Urinary Incontinence
Urinary incontinence is one of three key reasons older adults enter nursing facilities (Suffering in silence, 1993). In fact, more than half of nursing facility residents are incontinent. Left untreated, this condition can lead to other physical problems such as infections and skin breakdown.
Nurses should be familiar with guidelines and procedures for management of incontinence, such as the Agency for Health Care Policy and Research Guidelines. (Refer to Chapter 28 for more information.) Charting should be specific to reflect the presence and extent of the problem of incontinence, and it should note the treatment plan that has been established and the effects of the treatment. From the OBRA perspective, behavioral approaches are preferable to more intense mechanical or chemical therapies.
Facility Survey and Certification
Written care plans and resident assessments are evaluated for their adequacy and accuracy, and the surveyors look for compliance with residents’ rights (Hamme, 1991). OBRA’s long-term care survey processes have a renewed emphasis on the outcome of resident care rather than mere paper compliance with regulatory requirements (Schabes, 1991).
By contractual arrangement with the DHHS, state survey agencies are authorized to certify the compliance of facilities. States are also required to educate facility staff regarding the survey process and are further authorized to investigate complaints of all types. On the basis of reports of persistent problems in nursing facilities, CMS will strengthen federal oversight of nursing facility quality and safety standards. These steps will include more frequent inspections for repeated offenders or facilities with serious violations; more inspections carried out on weekends and evenings; targeting of states with weak inspections systems; and requiring the assurance that state surveyors enforce the policies of CMS to sanction nursing facilities with serious violations (CMS, 2004).
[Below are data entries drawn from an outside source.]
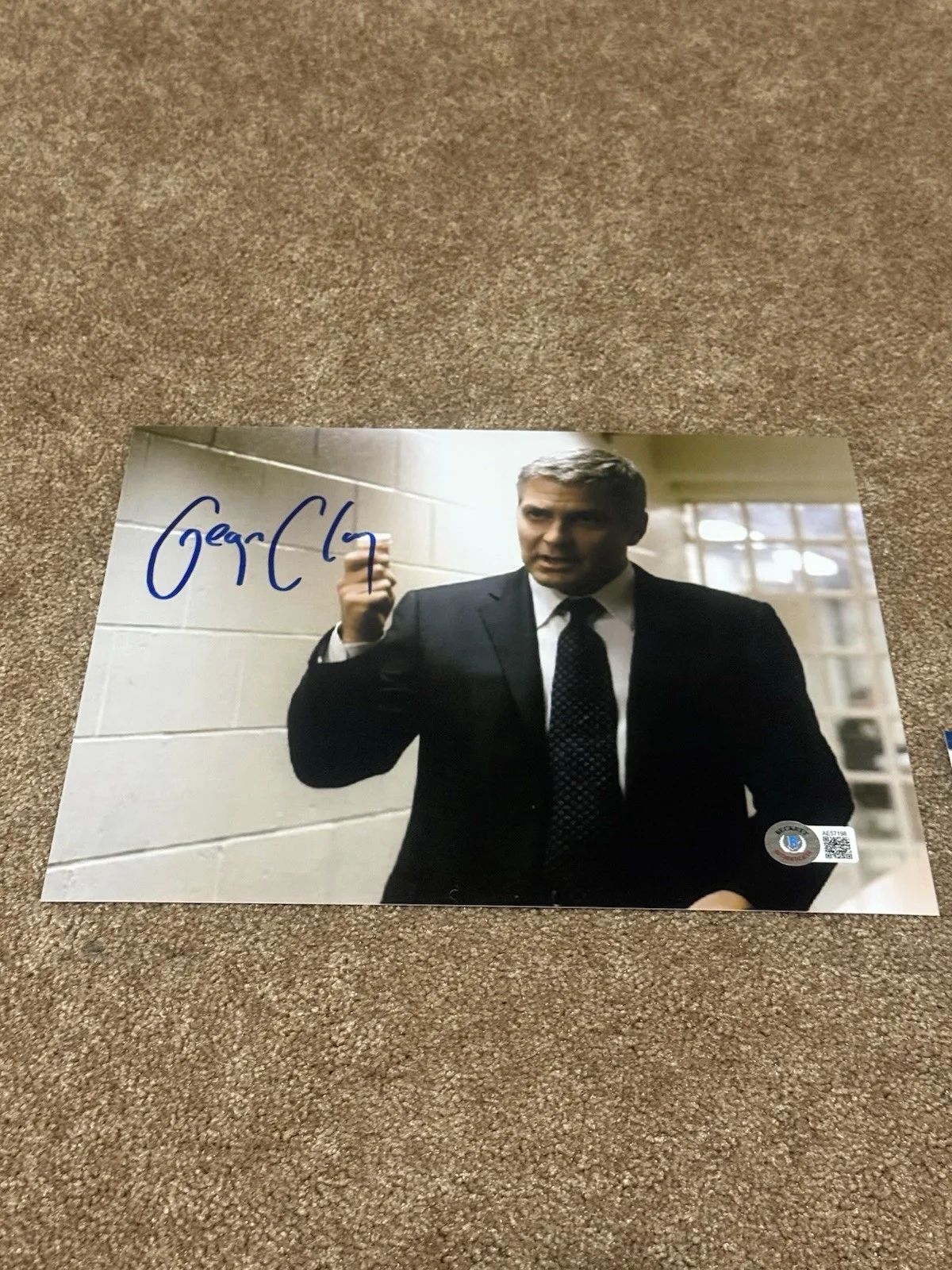 George Clooney — George Clooney The American Signed 8x10 Photo Beckett COA Authentic Autograph, image 3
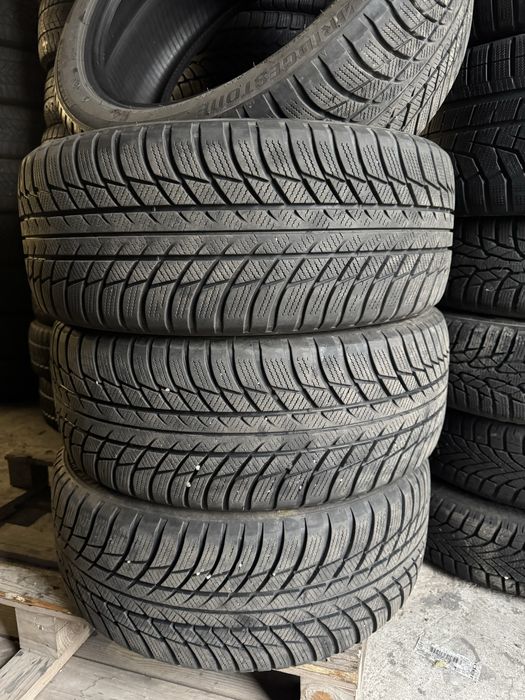 Anvelope Bridgestone iarna 225 45 18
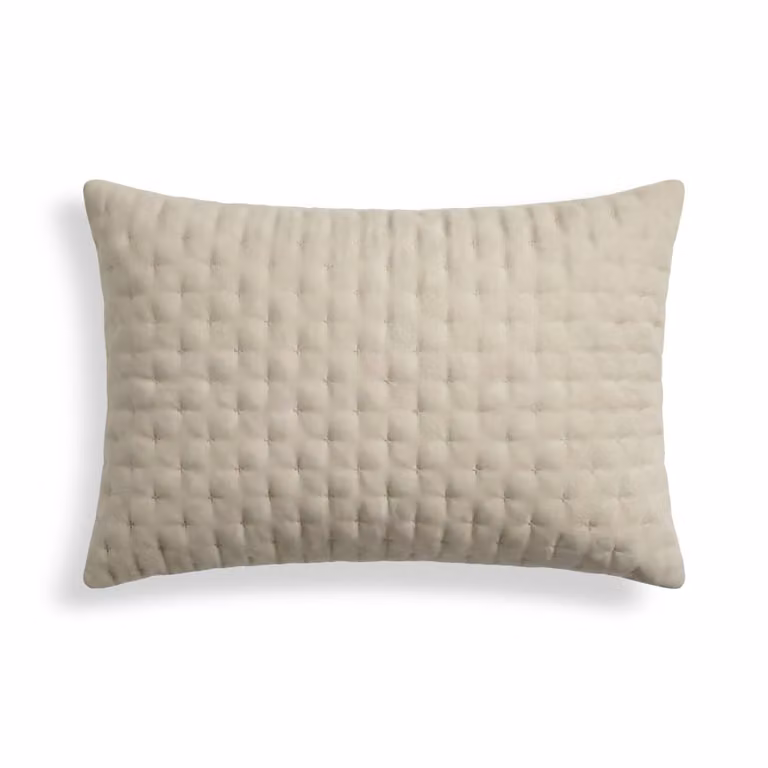 Funda de almohada acolchada reversible de microfibra lisa color beige de TERRACOTA An/P: 50 x 80 cm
Enforcement Mechanisms and Sanctions
The DHHS and the states may apply sanctions or penalties against a facility for failure to meet requirements and standards. Such sanctions can include civil monetary penalties, appointment of a temporary manager to run a facility while deficiencies are remedied, or even closure of a facility or transfer of residents to another facility (or both). In addition, CMS plans to publish individual nursing facility survey results and violation records on the Internet to increase accountability and flag repeated offenders for families and the public (CMS, 2004).